Parse parameter default values using PowerShell - Part 1

[ Part 1 | Part 2 | Part 3 ]

If you have ever tried to determine the default values for stored procedure parameters, you probably have marks on your forehead from hitting it on your desk repeatedly and violently. Most articles that talk about retrieving parameter information (like this tip) don’t even mention the word default. This is because, except for the raw text stored in the object’s definition, the information is not anywhere in the catalog views. There are columns has_default_value and default_value in sys.parameters that look promising, but they are only ever populated for CLR modules.

Deriving default values using T-SQL is cumbersome and error-prone. I recently answered a question on Stack Overflow about this problem, and it took me down memory lane. Back in 2006, I complained via multiple Connect items about the lack of visibility of the default values for parameters in the catalog views. However, the problem still exists in SQL Server 2019. (Here’s the only item I’ve found that made it to the new feedback system.)

While it is an inconvenience that the default values aren’t exposed in the metadata, they’re most likely not there because parsing them out of the object text (in any language, but particularly in T-SQL) is hard. It’s difficult to even find the start and end of the parameter list because T-SQL’s parsing capability is so limited, and there are more edge cases than you can imagine. A few examples:

You can’t rely on the presence of ( and ) to indicate the parameter list, since they are optional (and may be found throughout the parameter list)
You can't easily parse for the first AS to mark the beginning of the body, since it can appear for other reasons
You can't rely on the presence of BEGIN to mark the beginning of the body, since it is optional
It is hard to split on commas, since they can appear inside comments, within string literals, and as part of data type declarations (think (precision, scale))
It is very hard to parse away both types of comments, which can appear anywhere (including inside string literals), and can be nested
You can inadvertently find important keywords, commas, and equals signs inside string literals and comments
You can have default values that aren't numbers or string literals (think {fn curdate()} or GETDATE)

There are so many little syntax variations that normal string parsing techniques are rendered ineffective. Have I seen AS already? Was it between a parameter name and a data type? Was it after a right parenthesis that surrounds the entire parameter list, or [one?] that didn’t have a match before the last time I saw a parameter? Is that comma separating two parameters or is it part of precision and scale? When you’re looping through a string one word at a time, it goes on and on, and there are so many bits you need to track.

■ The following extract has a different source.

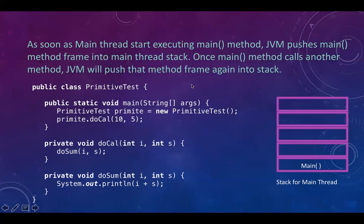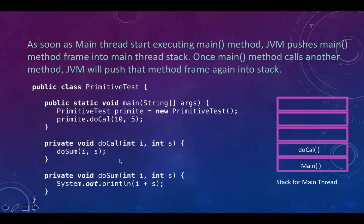When the main method calls another method, JVM will push one more frame into the stack. Here we can see the main method is calling the doCall method, so JVM will push the doCall method frame into the main thread stack. Then doCall is again calling the doSome method, so JVM will push the frame of doSome into the stack as well. This is how JVM manages the stack of any thread.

Take this (intentionally ridiculous, but still syntactically valid) example:

/* AS BEGIN , @a int = 7, comments can appear anywhere */
CREATE PROCEDURE dbo.some_procedure 
  -- AS BEGIN, @a int = 7 'blat' AS =
  /* AS BEGIN, @a int = 7 'blat' AS = -- */
  @a AS /* comment here because -- chaos */ int = 5,
  @b AS varchar(64) = 'AS = /* BEGIN @a, int = 7 */ ''blat''',
  @c AS int = -- 12 
              6 
AS
    -- @d int = 72,
    DECLARE @e int = 5;
    SET @e = 6;

Parsing the default values out of that definition using T-SQL is hard. Really hard. With no BEGIN to properly mark the end of the parameter list, all the comment mess, and all the cases where keywords like AS can mean different things, you will probably have a complex set of nested expressions involving more SUBSTRING and CHARINDEX patterns than you’ve ever seen in one place before. And you’ll probably still end up with @d and @e looking like procedure parameters instead of local variables.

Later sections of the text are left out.